Wednesday, July 28, 2010

A Day of Baking

Today was the day for baking. Sometimes the mood just hits and I cook in a frenzy all day. Because I buy in bulk, cook in bulk and then freeze down individual meals and half prepared food I am able to cook only when I feel like it and I also only need to buy seasonal produce. This has many benefits; fruit and veg that is in season is cheap, good and generally local.

I had bought a lot of apples recently for under a dollar a kilo so was needing to use them up. I made three apple and cinnamon cakes using a butter cake recipe. This is one of those recipes that I use as a base and then add whatever flavouring I like. It's really simple and I just throw it all in a bowl, bung it in a tin and cook it! Here is the butter cake recipe for 1 loaf cake, it is just plain and it's up to you to add whatever you want... add lemon or orange zest; replace a little of the flour for some cocoa powder; fold some stewed fruit through it; lay some sliced apples on top, etc. I just peeled and sliced the apples and sprinkled some cinnamon and brown sugar on top.

Butter Cake - 3 eggs
150gms sugar
150gms SR flour (or plain flour with a tsp of baking powder)
150gms melted butter (cooled)

Mix, add your flavouring and cook at 210 degrees celcius until a knife inserted comes out clean..about 40mins.

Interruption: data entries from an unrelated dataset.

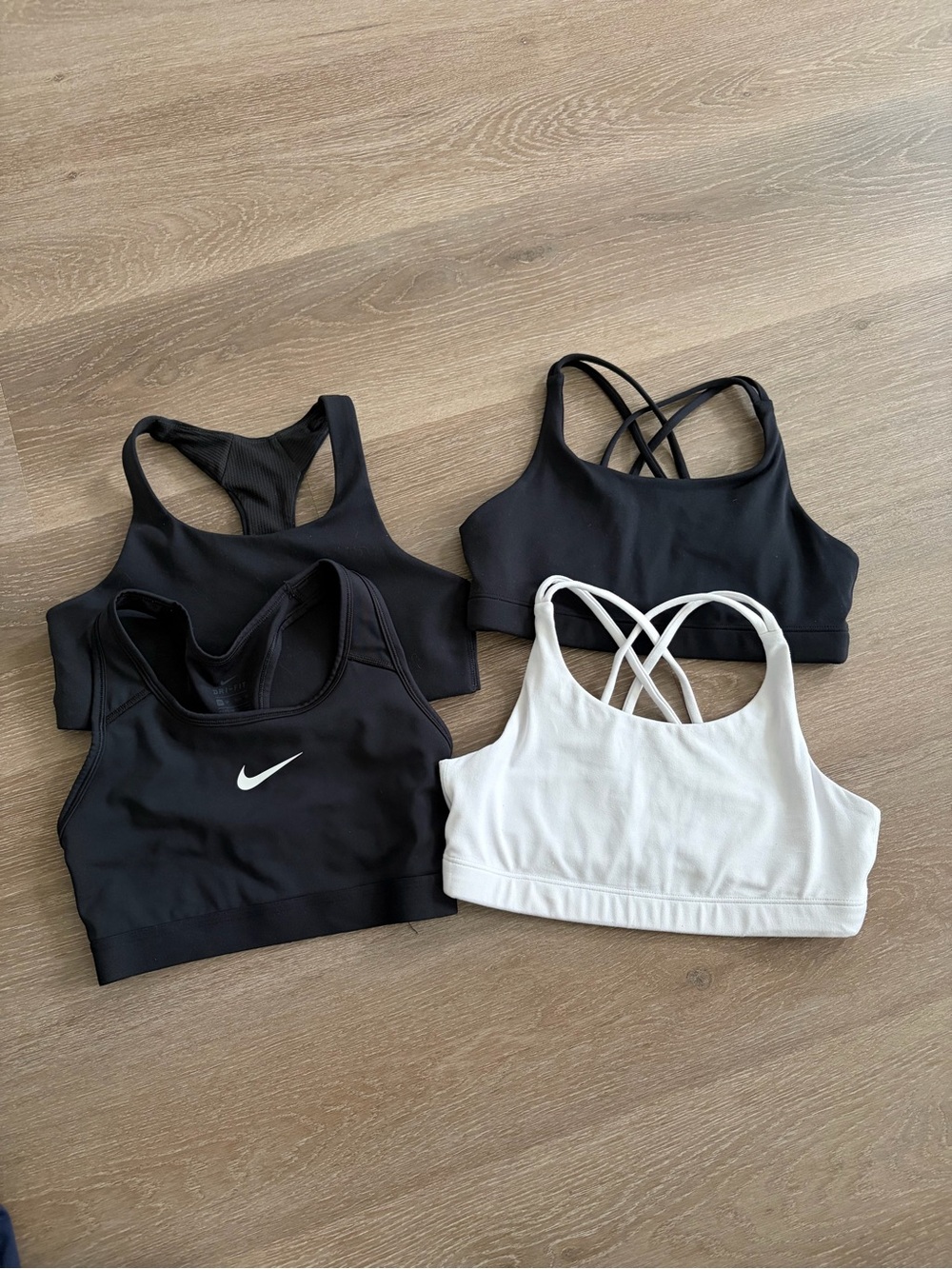 Sports Bra Bundle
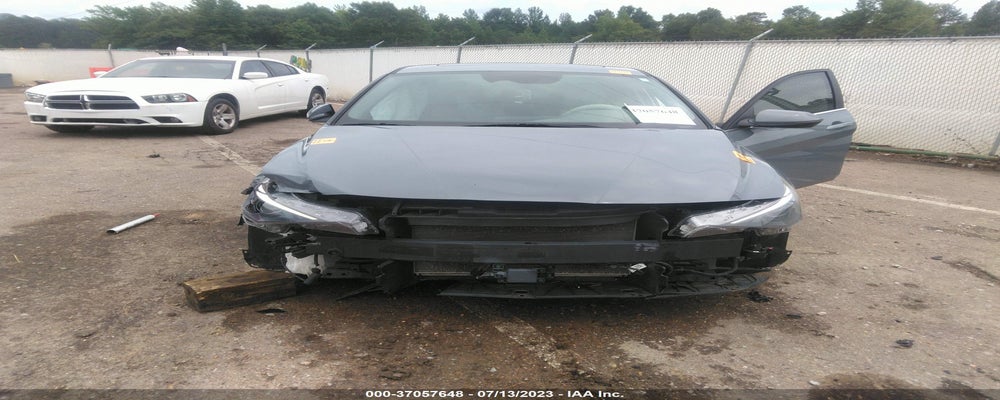 KMHLN4AG3MU149675 2021 HYUNDAI ELANTRA photo no. 6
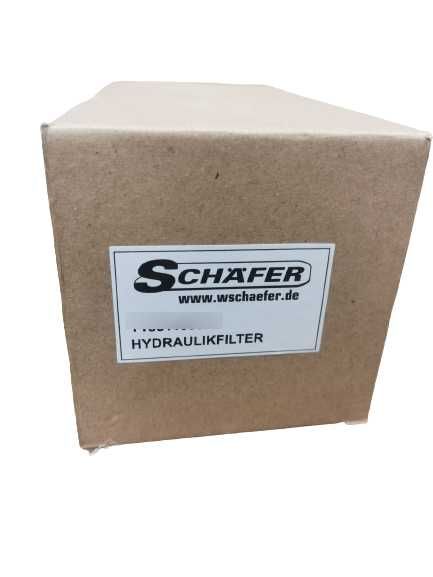 Oryginalny Filtr Hydrauliczny Takeuchi TB125 TB135 TB128 TB138FR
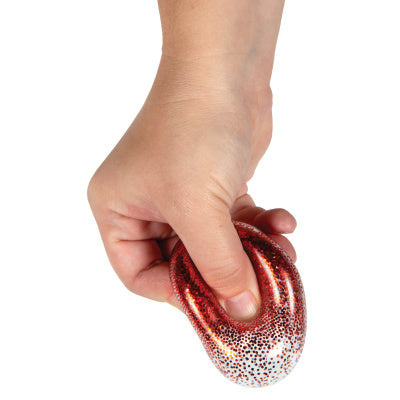 Glitter Air Ball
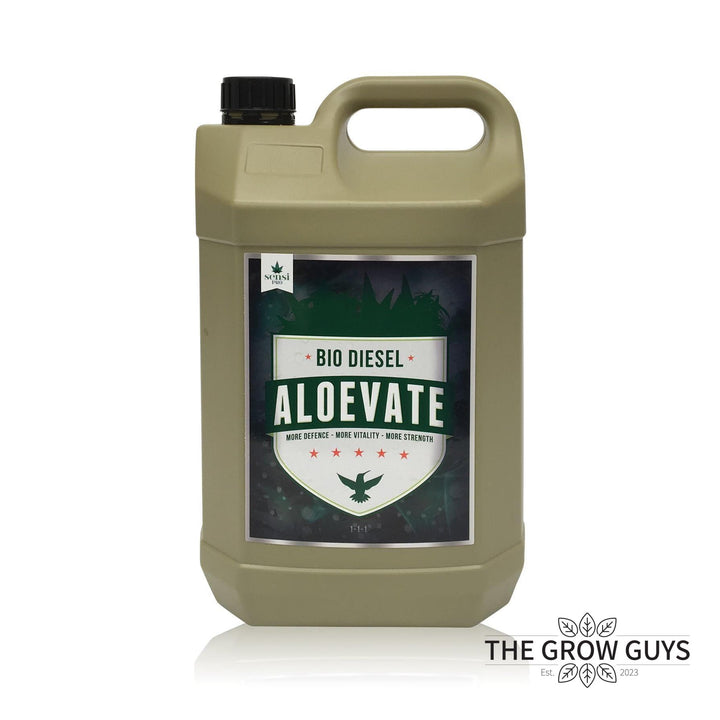 Aloevate by Bio Diesel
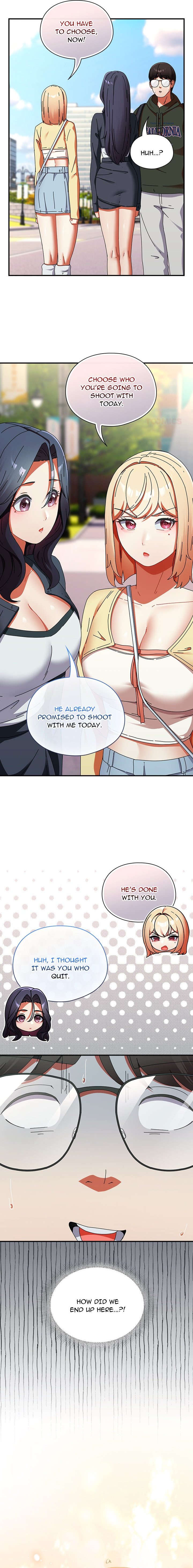 Take a Photo of Me chapter 17 page 23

My rhubarb has suddenly sprung to life and I thought that I would try a new recipe that I saw on a blog that I follow. Its Red Wine Stewed Rhubarb and you can get the recipe here.

It turned out beautifully. It has a mulled wine feeling to it and the smell that comes out of your oven is worth it alone! It's very rich and I think I served myself up too much and you need a serious helping of cream or ice cream to go with it. I had it with my home made ice cream, I'll post the recipe for that at a later date.
So it was rhubarb and ice cream for dessert tonight and for main we had bubble and squeak with grilled veg, snowpeas from the garden, a fried egg and homemade mayonaise.

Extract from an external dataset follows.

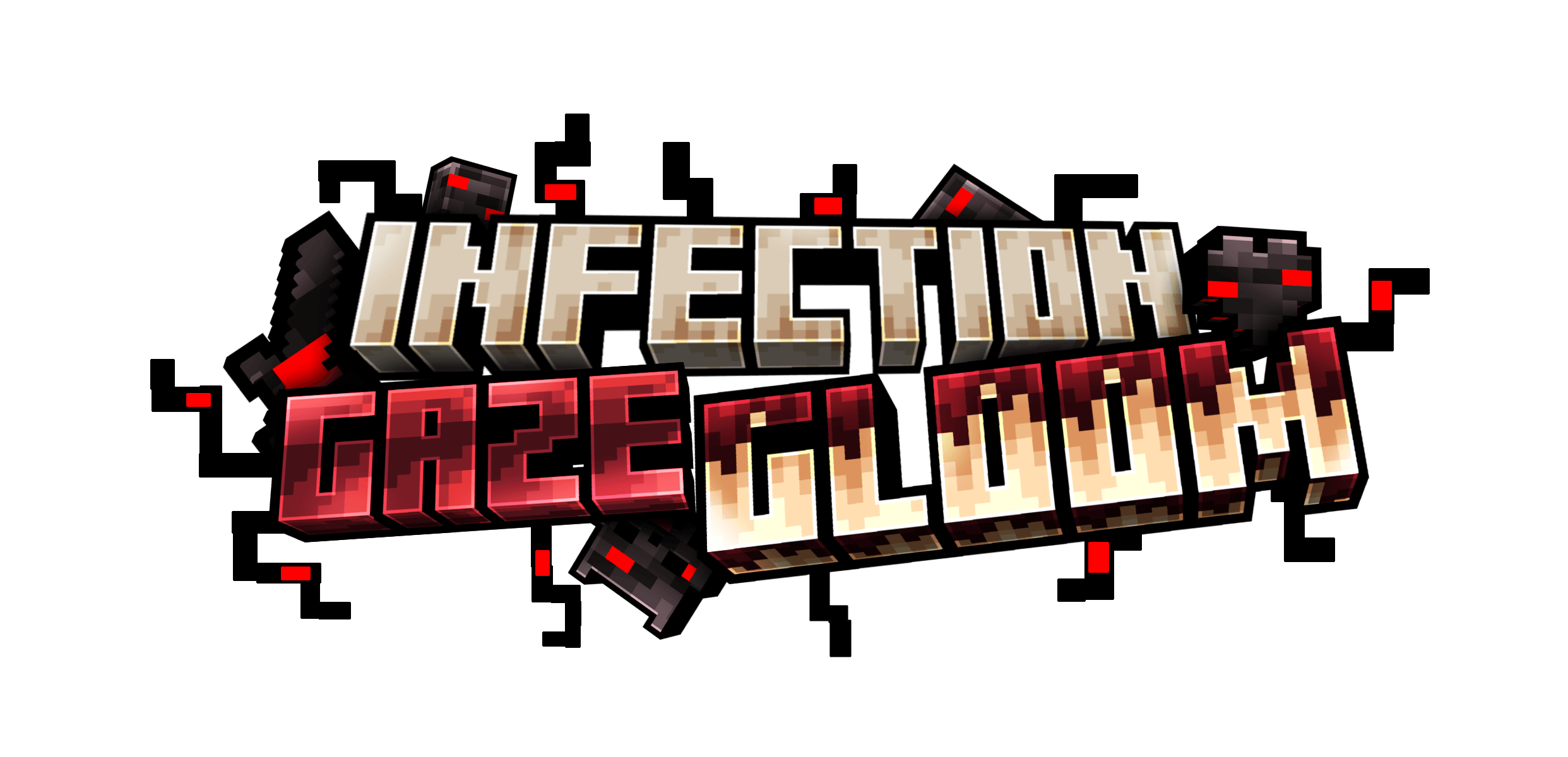 Infection Gaze Gloom V3.1 — screenshot 2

Bubble and Squeak is again one of those base recipes that I use a lot. It's just mashed potatoes with anything thrown in! Tonight I pulled out of the freezer some sauteed cabbage and some left over ravioli filling of pumpkin and parmesan. This all went into the potato with an egg. Make sure you season it with a good amount of salt and pepper. I formed large spoonfuls into burgers, dusted them with flour and slowly pan fried them. Easy peasy! These little patties are great on their own with some kind of cheese like ricotta on top and with any kind of relish. They also work well under a panfried piece of fish, meat or chicken. They will soak up all the juices and taste delicious.

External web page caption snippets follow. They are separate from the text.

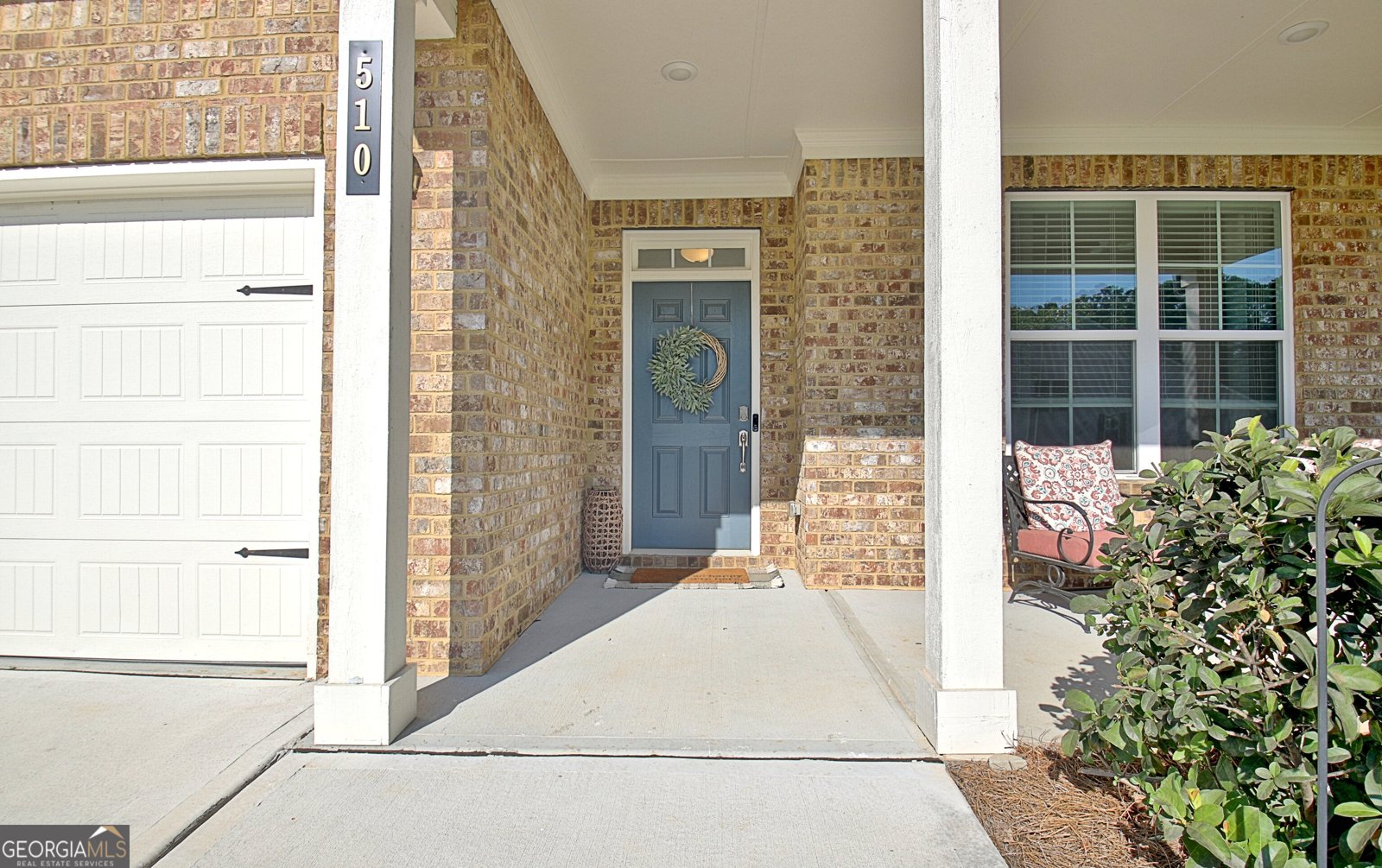 510 Cunninghame Court Peachtree City - 6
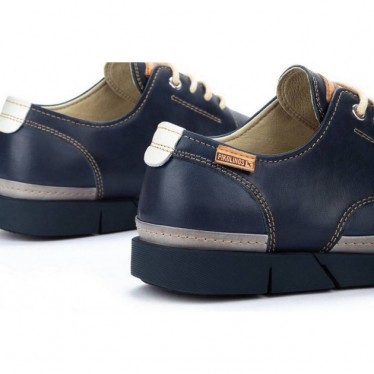 SAPATOS PIKOLINOS PALAMOS M0R-4339C1 BLUE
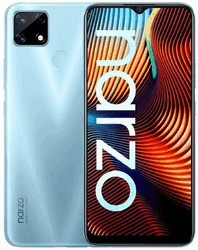 Замена дисплея на телефоне Realme Narzo 20 в Самаре
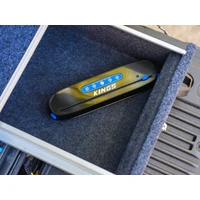 Rechargeable Lithium Vacuum Sealer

I use a lot of what I call base recipes. I find that it really works if you want to buy and cook with seasonal produce. Instead of shopping with a set shopping list which often means that you spend too much trying to get the exact things that a recipe requires, you can just buy what is cheap on the day (which means it's in season and good) and then just incorporate it into your base recipes. I always buy my dry goods in bulk so don't have to shop for them often so when I go to the grocery store my list will have about 5 things on it that we need and then I just spend the rest of my grocery budget on what looks good. Sometimes this will mean I only buy one or two kinds of fruit and veg but I buy them in bulk, cook up large amounts and then freeze the results. I then mix and match our weeks meals with what is bought that week with bits and pieces in the freezer, jars of preserved goodies and as much from my garden as I have. My goal is to work towards not having to buy any fruit and veg at all but growing it all myself.

My base recipes have not consciously been collected but have evolved over time and have especially become part of my everyday cooking since we have started living a life that is as sustainable as possible. Because I was a chef for 13 years I know that it is easier for me to just adapt and play around with recipes on a whim, but I do have those base recipes that allow for a little experimentation whilst still containing the ingredients that will make it work. To be a good cook you need to experiment, go out on your own, stuff things up and learn what went wrong. You need to understand what flavours work and what don't. Taste as you go, trust yourself and your taste buds!